Chapter 3 Data Cleaning

3.1 Test Driven Data Cleaning

3.1.1 For Volunteers

Test Driven Data Cleaning is an approach that incorporates principles of Test Driven Development to achieve collaborative and reproducible data cleaning.

Basically, data cleaning scripts are divided into test scripts and cleaning scripts.

Test scripts document the expected outcomes from the data cleaning, hence we should aim to create the tests first before cleaning. Within each file you will see functions corresponding to the columns in the dataset pre-populated for you. The file names of test scripts are in the format test_clean_<file name of dataset>.
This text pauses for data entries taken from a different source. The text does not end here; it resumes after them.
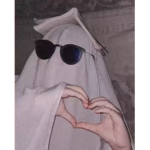 {.*Elles luvs*.}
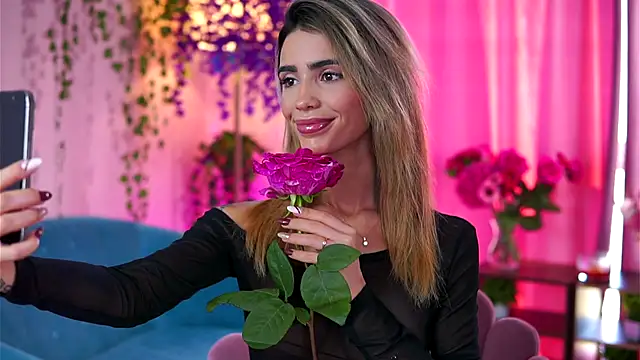 TheAyana online show from October 5, 10:09 am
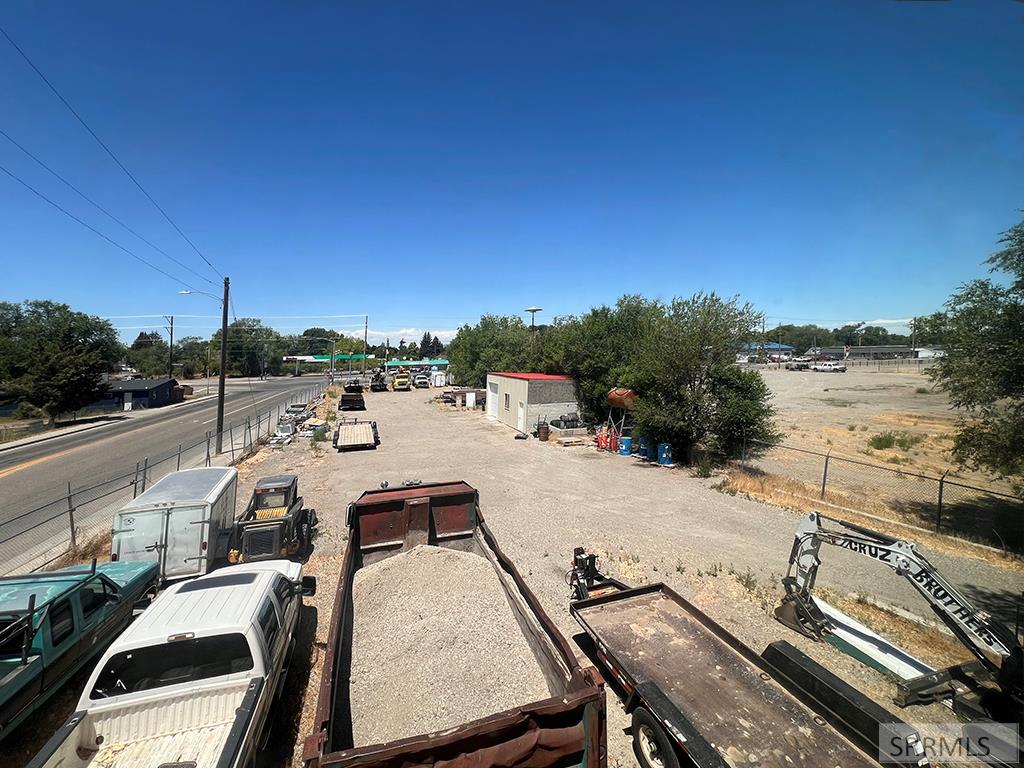 980 S Broadway Street Property Photo 1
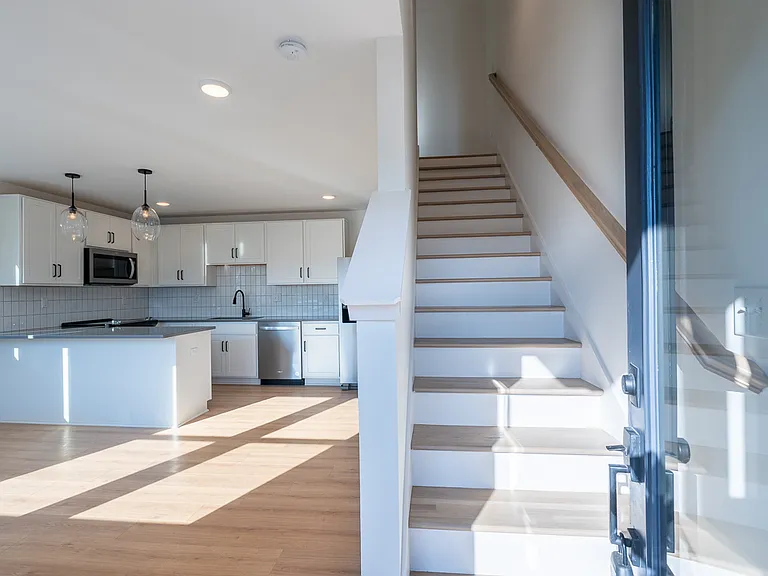 102 Duke St #1-8-1 — Photo 26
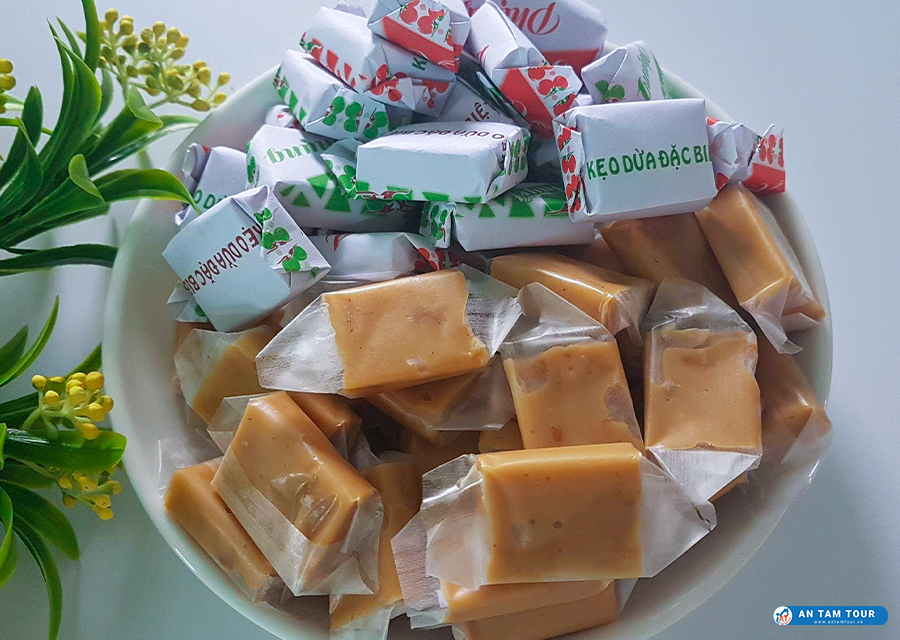 Đặc sản kẹo dừa Bến Tre nhất định bạn phải thử
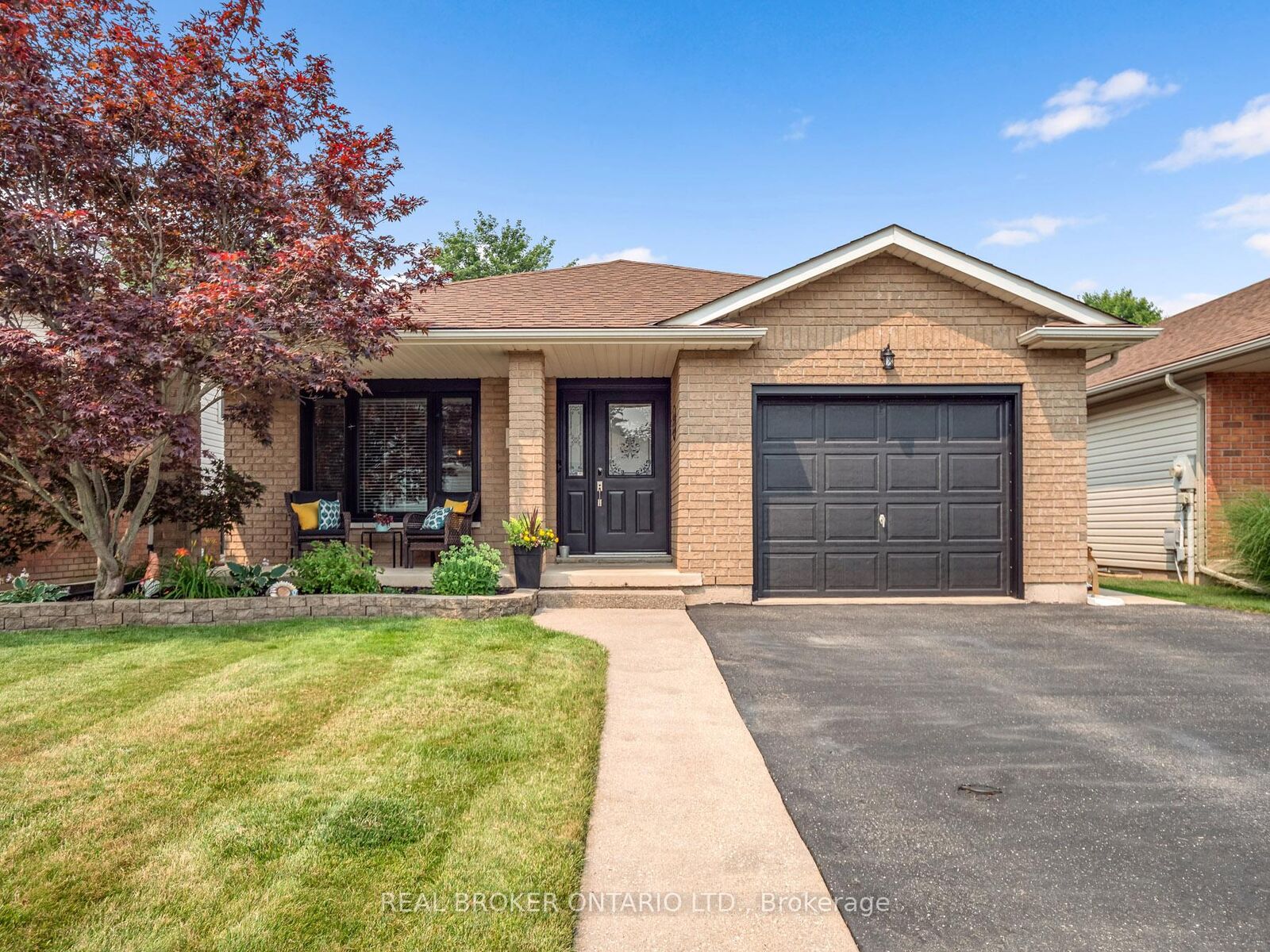 Property Photo: 501 Trillium Avenue ON L3C 7G9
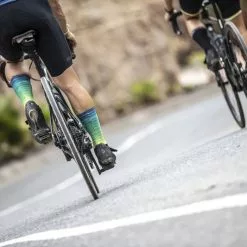 Rogelli Aero Coolmax Cykelstrømper Sort / Blå / Gul -Tilbud Cykeltrøjer Butik Rogelli Aero Coolmax Cykelstroemper S 1645538090 03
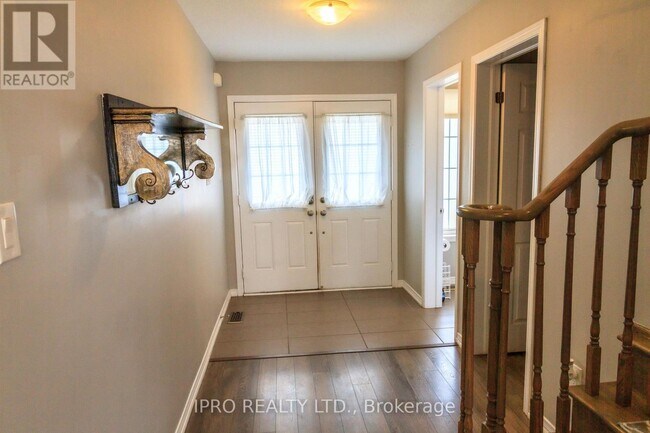8309 Tulip Tree Dr in Niagara Falls, ON - Building Photo - Building Photo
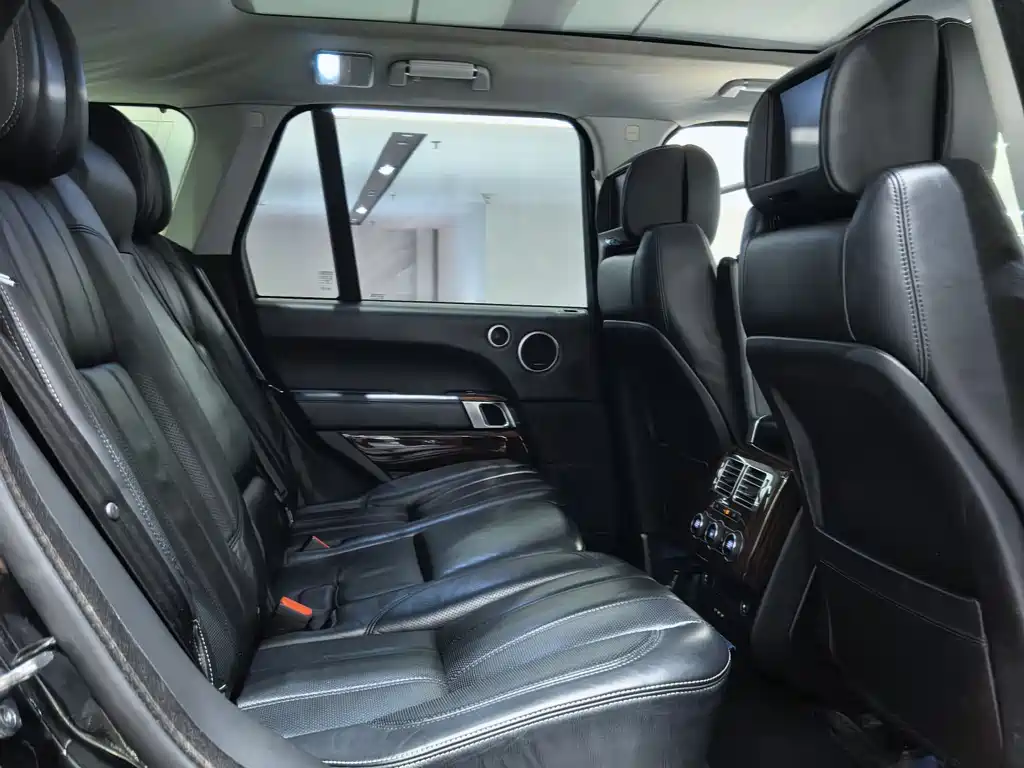 Land Rover Range Rover 2013 NA 5.0 V8 Vogue SE 2013 - thumbnail 9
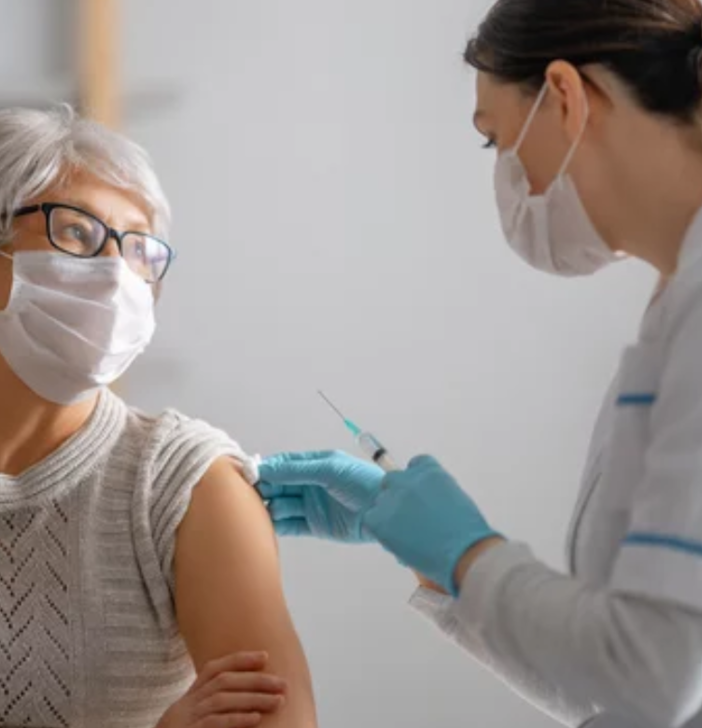 La richiesta dei Moderati: &quot;Utilizzare il personale ostetrico per le vaccinazioni''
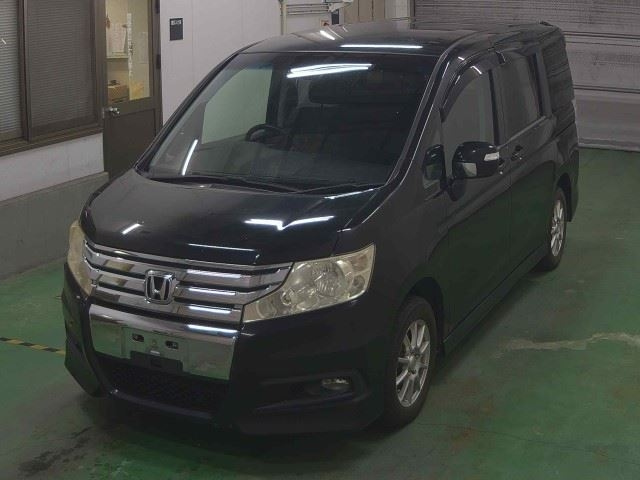 HONDA STEP WAGON 2010
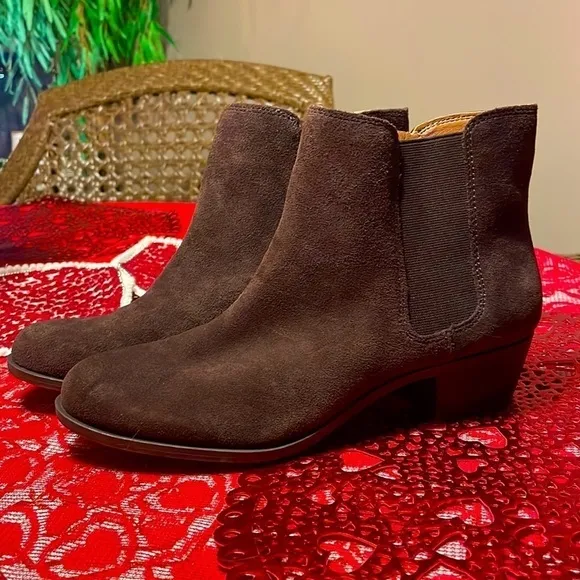 Brand New Lucky Brand Genuine Suede Slip On Brown Ankle Boots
Cleaning scripts are where you write code to the dataset. Similar to the test scripts, within cleaning script file, you will also see functions corresponding to the columns in the dataset pre-populated for you. On execution, the cleaning script will iterate through each column row-by-row to clean the dataset. The file names of cleaning scripts are in the format clean_<file name of dataset>.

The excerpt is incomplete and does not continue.